**What the task asks**
Below are entries with pictures in them. Output exactly the lines starting at the line with "萩原 カフェテーブル80cm&チェア 3点セット" and ending at the line with "La Comisión de", both included, but not the pictures.

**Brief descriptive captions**
· · ·

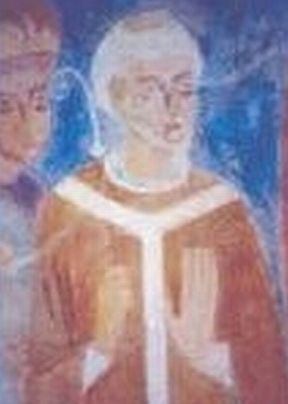 Ausschnitt aus dem Fresko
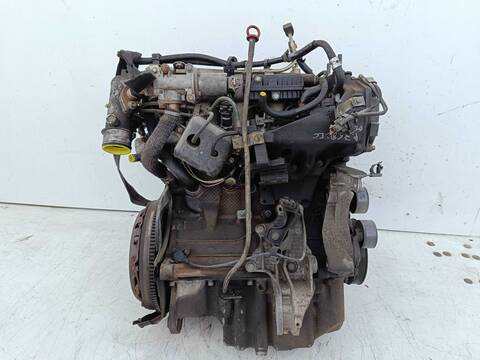Foto 2ª: Motor Completo Fiat Punto 1.9 JTD CAT BERLINA 86CV 63KW [188A7000] (2002)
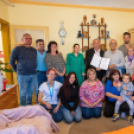 90. születésnapján köszöntötték Barta Sándort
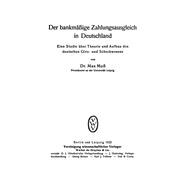 Der bankmäßige Zahlungsausgleich in Deutschland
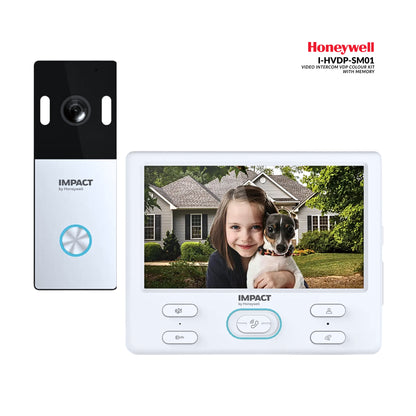 Honeywell Impact I-HVDP-SM01 7” Video Intercom VDP Colour Kit with Memory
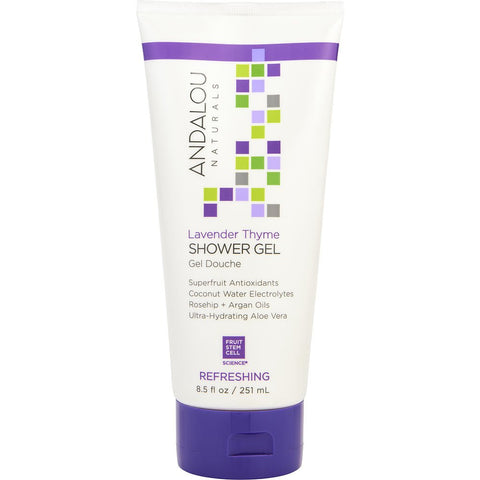 Andalou Naturals by Andalou Naturals Lavender Thyme Refreshing Shower Gel 250ml/8.5oz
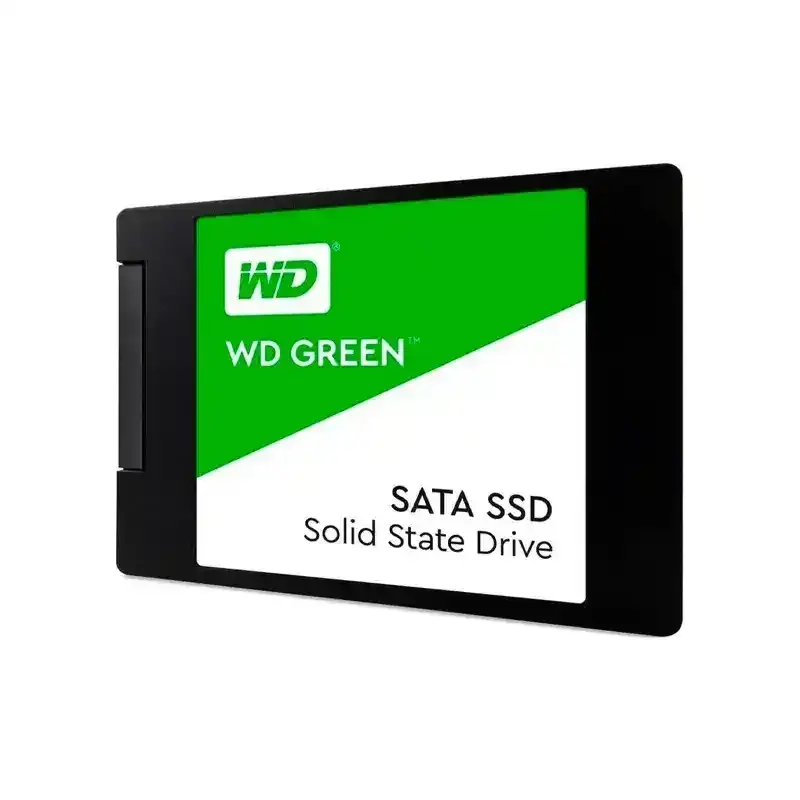 طراحی هارد اینترنال وسترن مدل WD Green SATA SSD 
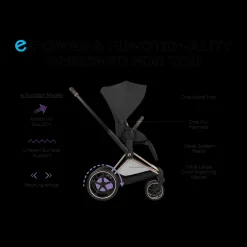 e-PRIAM Stroller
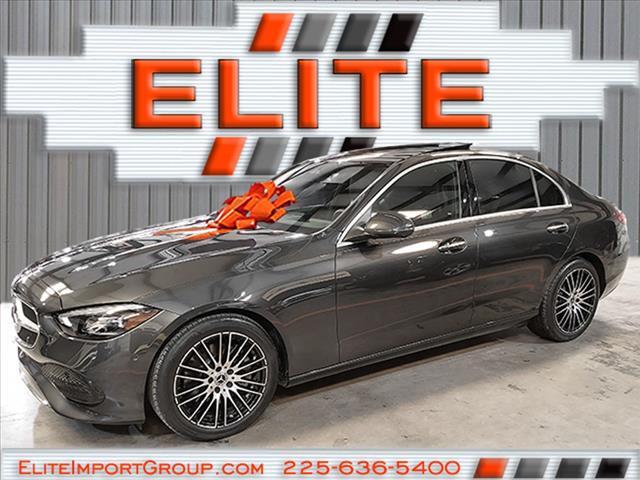 used 2023 Mercedes-Benz C-Class car, priced at $39,942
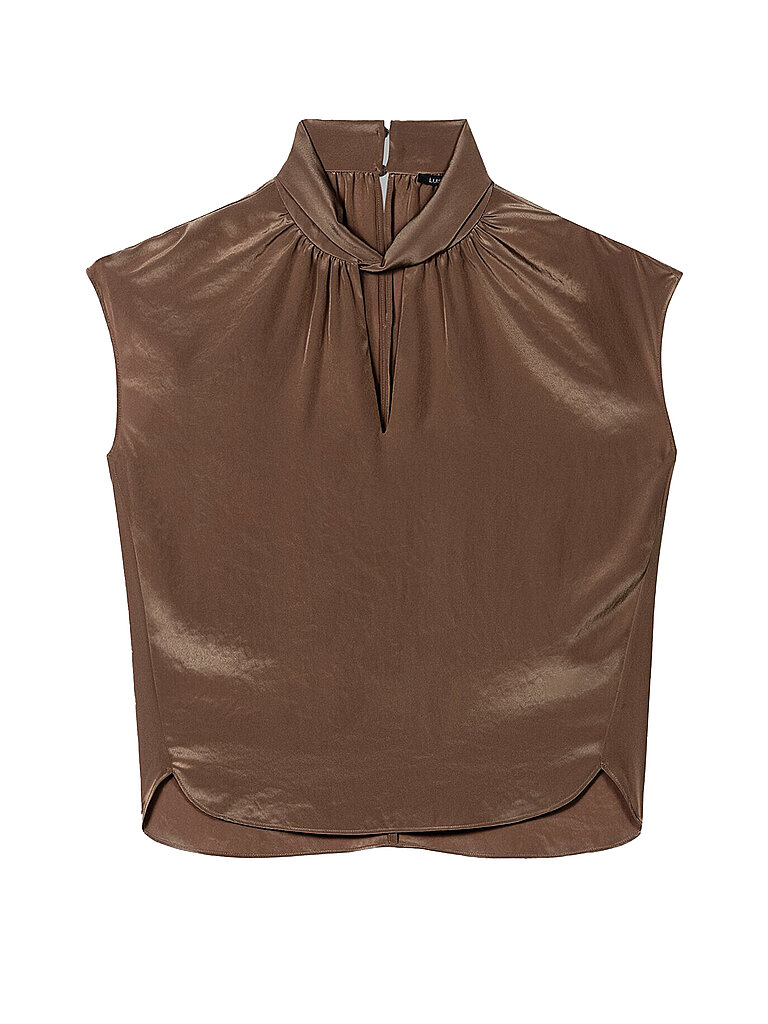 LUISA CERANO Bluse  braun | 34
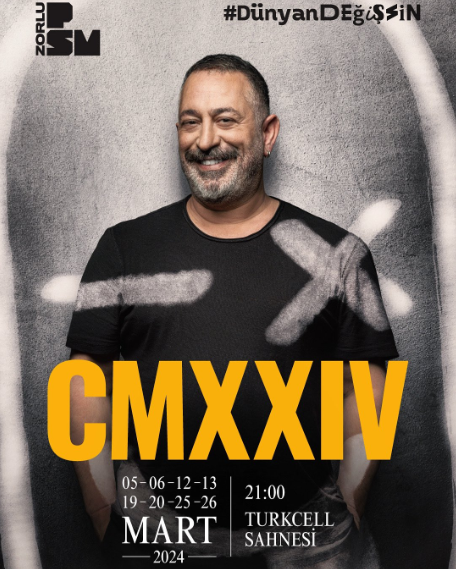 Cem Yımaz Xxiv Gösteri Afişi!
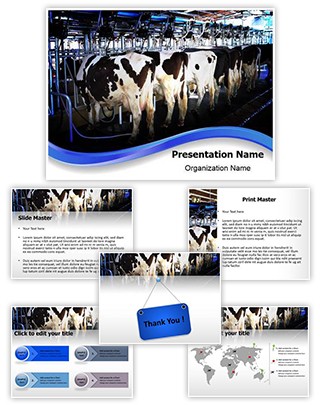 Cow Milking Factory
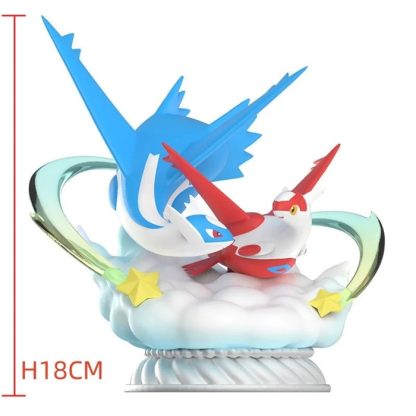 Pokemon Latios mit Latias Figur Statue (ca. 18cm) – Bild 2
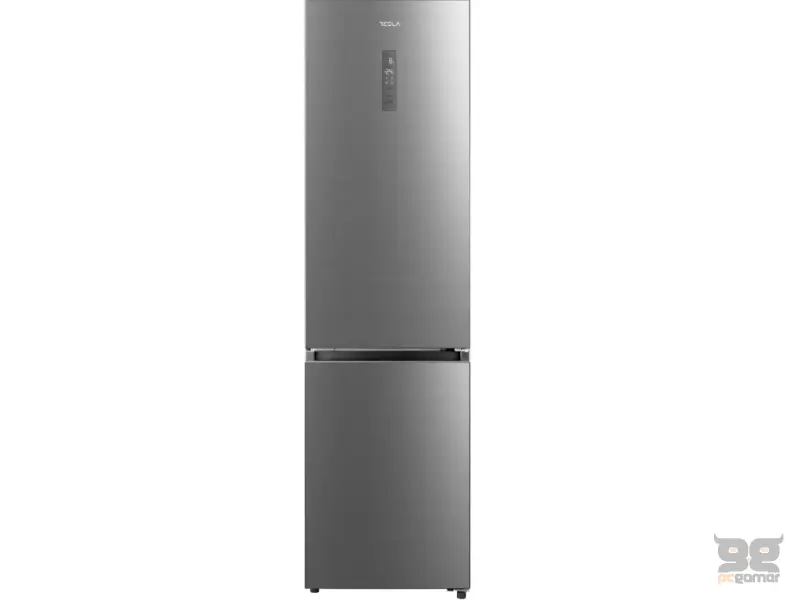 Tesla RC3400FMX kombinovani frižider, Total No Frost, (216+122)l, LED, Metal cooling, 595x1858x660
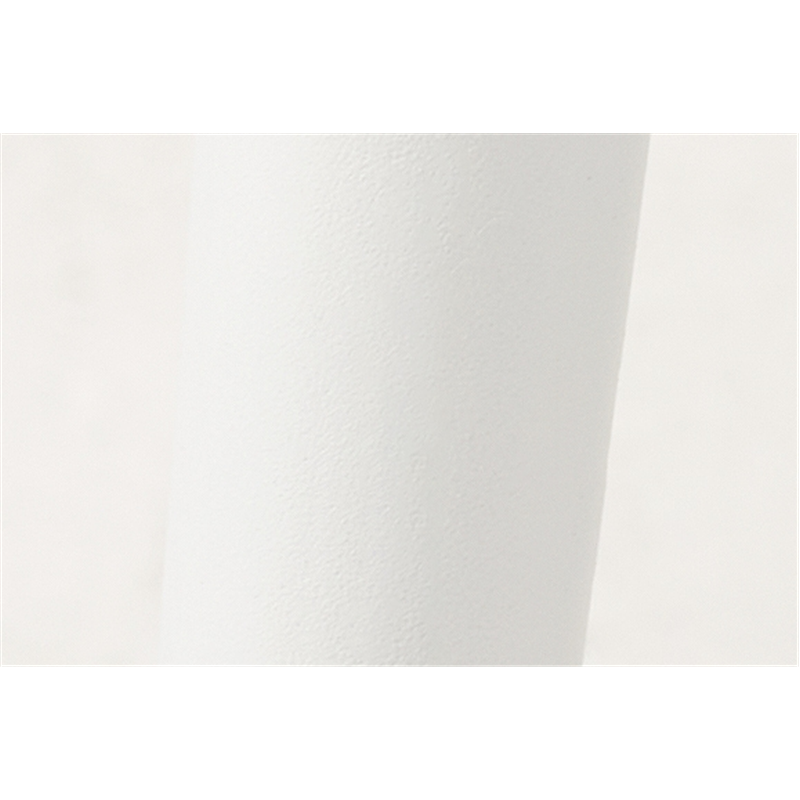 萩原 カフェテーブル80cm&チェア 3点セット ホワイト/ホワイト BT-8659WH-55WH-3S 1セット(ご注文単位1セット)【直送品】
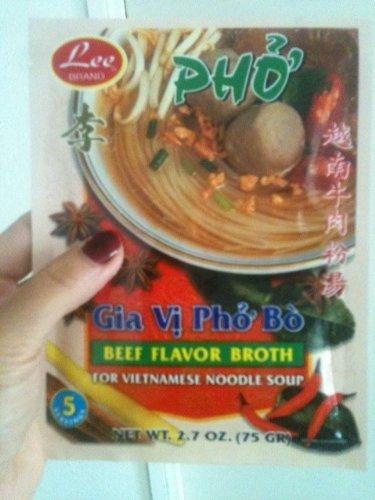 GIA VI PHO BO- BEEF FLAVOR BROTH (PACK OF 3) - Mighty Depot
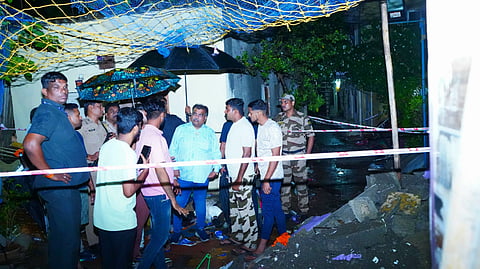 Saptashrungi Building Accident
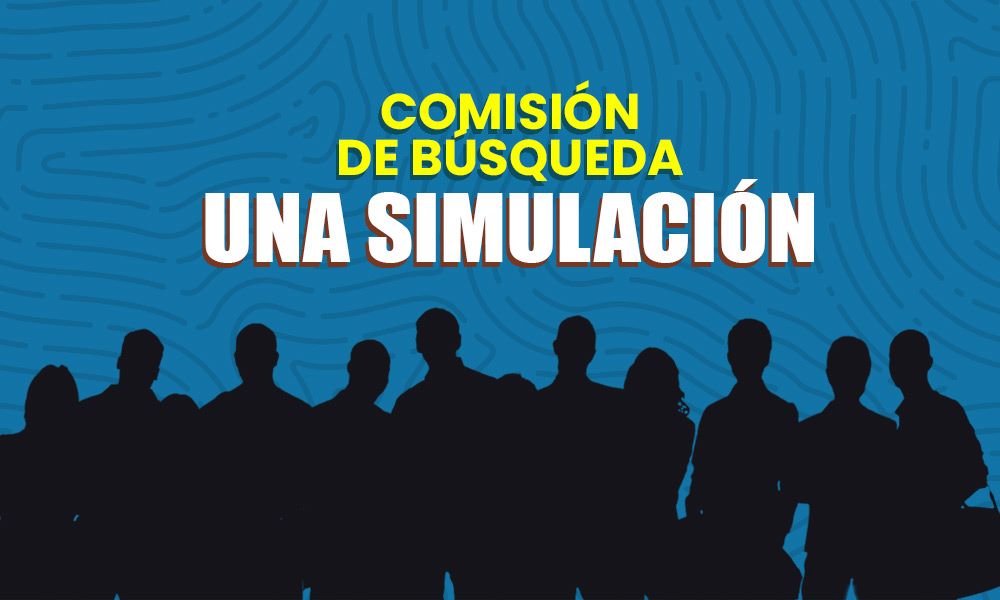 La Comisión de Búsqueda es simulación: Voz de los Desaparecidos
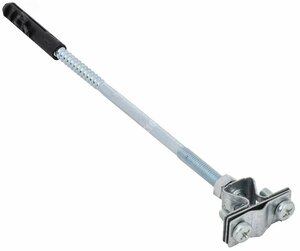 Держатель проводника круглого 8-10мм для бетонного фасада оцинкованная сталь IEK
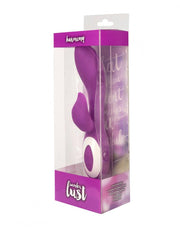 Wonderlust - Harmony - Clitoris En G-spot Vibrator - Paars-Erotiekvoordeel.nl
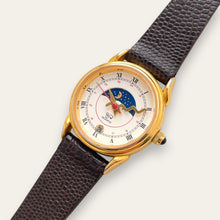 Load image into Gallery viewer, Ladies Vintage RJW Sun & Moon Quartz Watch 90s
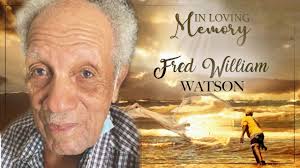 A Service of Thanksgiving for the life of Fred William Watson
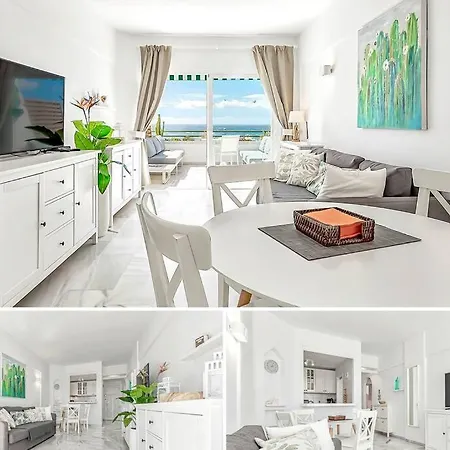 In Complex Altamira With Direct Ocean View Costa Adeje (Tenerife)
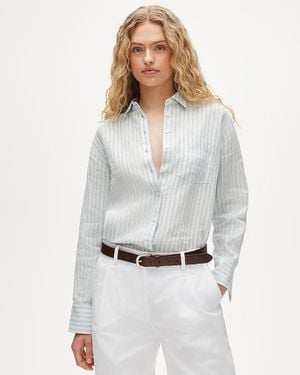J.Crew Garçon Classic Button-Up Shirt - White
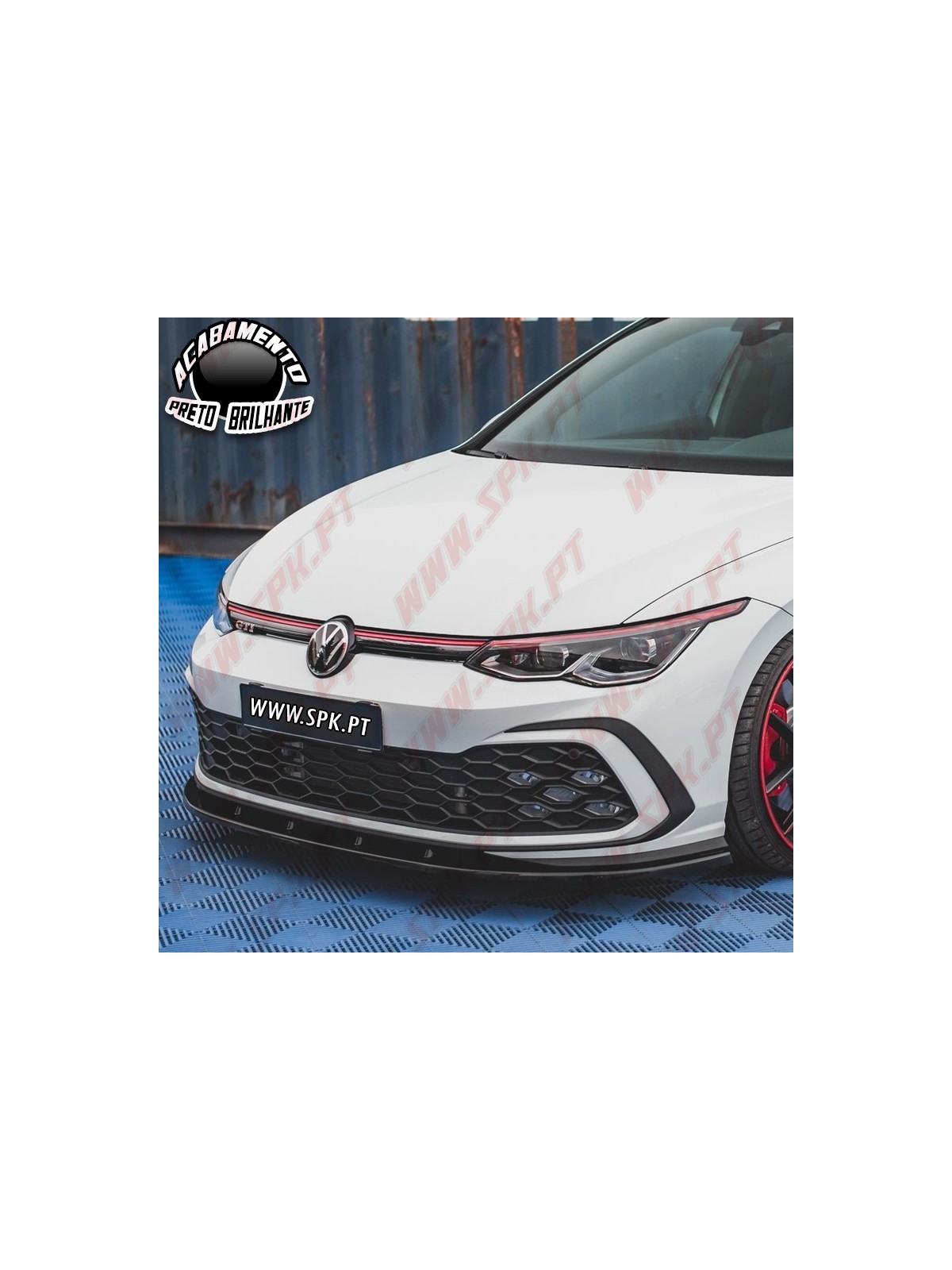Lip Spoiler Frontal - VW Golf 8 GTI / GTE / GTD / R-Line (2020-2024)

· · ·

**Reply**
 萩原 カフェテーブル80cm&チェア 3点セット ホワイト/ホワイト BT-8659WH-55WH-3S 1セット(ご注文単位1セット)【直送品】
 GIA VI PHO BO- BEEF FLAVOR BROTH (PACK OF 3) - Mighty Depot
 Saptashrungi Building Accident
 La Comisión de Búsqueda es simulación: Voz de los Desaparecidos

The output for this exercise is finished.